## Work request
If a line comes after the one containing "Vintage African Beaded", leave it out; copy every line before it, and that line too, exactly as written, starting from the first line of the entries.

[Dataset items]

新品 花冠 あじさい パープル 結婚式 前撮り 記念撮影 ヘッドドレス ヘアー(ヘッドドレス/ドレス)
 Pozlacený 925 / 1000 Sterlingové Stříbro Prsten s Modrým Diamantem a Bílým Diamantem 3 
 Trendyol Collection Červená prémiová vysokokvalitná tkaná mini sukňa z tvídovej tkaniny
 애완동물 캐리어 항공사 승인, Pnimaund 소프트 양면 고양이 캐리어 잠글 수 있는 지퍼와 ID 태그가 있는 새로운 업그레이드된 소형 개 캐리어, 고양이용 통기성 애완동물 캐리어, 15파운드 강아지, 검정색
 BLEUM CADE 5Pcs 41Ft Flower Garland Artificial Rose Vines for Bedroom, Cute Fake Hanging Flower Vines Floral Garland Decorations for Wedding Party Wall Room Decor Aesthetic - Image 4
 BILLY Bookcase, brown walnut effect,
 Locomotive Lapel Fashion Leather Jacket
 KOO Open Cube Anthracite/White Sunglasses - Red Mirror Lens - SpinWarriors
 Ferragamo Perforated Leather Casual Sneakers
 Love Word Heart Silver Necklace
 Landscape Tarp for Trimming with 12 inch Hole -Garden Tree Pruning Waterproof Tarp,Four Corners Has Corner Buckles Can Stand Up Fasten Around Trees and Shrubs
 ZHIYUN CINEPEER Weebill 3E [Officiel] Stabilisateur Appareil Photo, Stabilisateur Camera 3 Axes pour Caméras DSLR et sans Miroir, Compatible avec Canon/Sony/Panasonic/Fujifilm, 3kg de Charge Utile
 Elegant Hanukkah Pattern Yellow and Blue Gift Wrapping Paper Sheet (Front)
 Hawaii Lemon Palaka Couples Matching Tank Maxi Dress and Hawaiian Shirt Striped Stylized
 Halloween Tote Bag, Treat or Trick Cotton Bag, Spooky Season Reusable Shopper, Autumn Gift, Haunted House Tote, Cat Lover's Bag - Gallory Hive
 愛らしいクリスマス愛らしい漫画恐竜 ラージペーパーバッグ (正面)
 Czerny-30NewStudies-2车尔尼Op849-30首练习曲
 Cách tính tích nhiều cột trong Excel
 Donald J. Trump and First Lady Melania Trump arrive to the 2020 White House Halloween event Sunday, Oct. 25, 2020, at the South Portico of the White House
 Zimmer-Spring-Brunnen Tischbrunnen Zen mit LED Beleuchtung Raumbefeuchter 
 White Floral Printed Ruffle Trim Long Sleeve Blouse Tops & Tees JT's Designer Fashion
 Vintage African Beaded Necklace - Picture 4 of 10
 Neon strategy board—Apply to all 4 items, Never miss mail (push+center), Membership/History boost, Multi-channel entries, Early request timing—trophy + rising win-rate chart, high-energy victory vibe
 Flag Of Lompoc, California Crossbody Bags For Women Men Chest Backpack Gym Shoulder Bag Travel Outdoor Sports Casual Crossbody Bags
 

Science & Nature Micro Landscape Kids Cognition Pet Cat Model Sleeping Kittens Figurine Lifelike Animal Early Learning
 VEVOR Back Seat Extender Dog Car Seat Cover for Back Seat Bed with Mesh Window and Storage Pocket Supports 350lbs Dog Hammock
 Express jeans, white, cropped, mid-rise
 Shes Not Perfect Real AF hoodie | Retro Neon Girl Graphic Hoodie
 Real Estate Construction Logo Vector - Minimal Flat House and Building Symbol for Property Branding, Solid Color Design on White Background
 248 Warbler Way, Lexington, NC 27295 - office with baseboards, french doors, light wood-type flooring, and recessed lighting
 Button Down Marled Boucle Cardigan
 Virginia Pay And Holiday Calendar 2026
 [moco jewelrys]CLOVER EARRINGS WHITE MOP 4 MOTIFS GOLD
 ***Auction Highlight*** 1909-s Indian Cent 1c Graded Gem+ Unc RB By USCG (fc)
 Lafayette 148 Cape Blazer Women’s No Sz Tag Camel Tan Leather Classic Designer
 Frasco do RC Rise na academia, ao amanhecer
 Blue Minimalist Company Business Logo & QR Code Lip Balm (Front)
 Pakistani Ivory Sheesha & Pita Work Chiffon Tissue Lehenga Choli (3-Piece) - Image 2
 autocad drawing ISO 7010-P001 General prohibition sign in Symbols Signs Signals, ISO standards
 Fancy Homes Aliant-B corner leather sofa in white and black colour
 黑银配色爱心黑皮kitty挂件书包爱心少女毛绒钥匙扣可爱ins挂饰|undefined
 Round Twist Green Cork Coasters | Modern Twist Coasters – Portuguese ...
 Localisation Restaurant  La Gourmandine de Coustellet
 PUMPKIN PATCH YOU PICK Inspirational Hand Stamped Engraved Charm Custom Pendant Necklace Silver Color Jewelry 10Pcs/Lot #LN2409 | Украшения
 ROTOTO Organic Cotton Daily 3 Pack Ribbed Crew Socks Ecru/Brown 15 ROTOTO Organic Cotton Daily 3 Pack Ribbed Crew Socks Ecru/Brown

## Reply to the task
新品 花冠 あじさい パープル 結婚式 前撮り 記念撮影 ヘッドドレス ヘアー(ヘッドドレス/ドレス)
 Pozlacený 925 / 1000 Sterlingové Stříbro Prsten s Modrým Diamantem a Bílým Diamantem 3 
 Trendyol Collection Červená prémiová vysokokvalitná tkaná mini sukňa z tvídovej tkaniny
 애완동물 캐리어 항공사 승인, Pnimaund 소프트 양면 고양이 캐리어 잠글 수 있는 지퍼와 ID 태그가 있는 새로운 업그레이드된 소형 개 캐리어, 고양이용 통기성 애완동물 캐리어, 15파운드 강아지, 검정색
 BLEUM CADE 5Pcs 41Ft Flower Garland Artificial Rose Vines for Bedroom, Cute Fake Hanging Flower Vines Floral Garland Decorations for Wedding Party Wall Room Decor Aesthetic - Image 4
 BILLY Bookcase, brown walnut effect,
 Locomotive Lapel Fashion Leather Jacket
 KOO Open Cube Anthracite/White Sunglasses - Red Mirror Lens - SpinWarriors
 Ferragamo Perforated Leather Casual Sneakers
 Love Word Heart Silver Necklace
 Landscape Tarp for Trimming with 12 inch Hole -Garden Tree Pruning Waterproof Tarp,Four Corners Has Corner Buckles Can Stand Up Fasten Around Trees and Shrubs
 ZHIYUN CINEPEER Weebill 3E [Officiel] Stabilisateur Appareil Photo, Stabilisateur Camera 3 Axes pour Caméras DSLR et sans Miroir, Compatible avec Canon/Sony/Panasonic/Fujifilm, 3kg de Charge Utile
 Elegant Hanukkah Pattern Yellow and Blue Gift Wrapping Paper Sheet (Front)
 Hawaii Lemon Palaka Couples Matching Tank Maxi Dress and Hawaiian Shirt Striped Stylized
 Halloween Tote Bag, Treat or Trick Cotton Bag, Spooky Season Reusable Shopper, Autumn Gift, Haunted House Tote, Cat Lover's Bag - Gallory Hive
 愛らしいクリスマス愛らしい漫画恐竜 ラージペーパーバッグ (正面)
 Czerny-30NewStudies-2车尔尼Op849-30首练习曲
 Cách tính tích nhiều cột trong Excel
 Donald J. Trump and First Lady Melania Trump arrive to the 2020 White House Halloween event Sunday, Oct. 25, 2020, at the South Portico of the White House
 Zimmer-Spring-Brunnen Tischbrunnen Zen mit LED Beleuchtung Raumbefeuchter 
 White Floral Printed Ruffle Trim Long Sleeve Blouse Tops & Tees JT's Designer Fashion
 Vintage African Beaded Necklace - Picture 4 of 10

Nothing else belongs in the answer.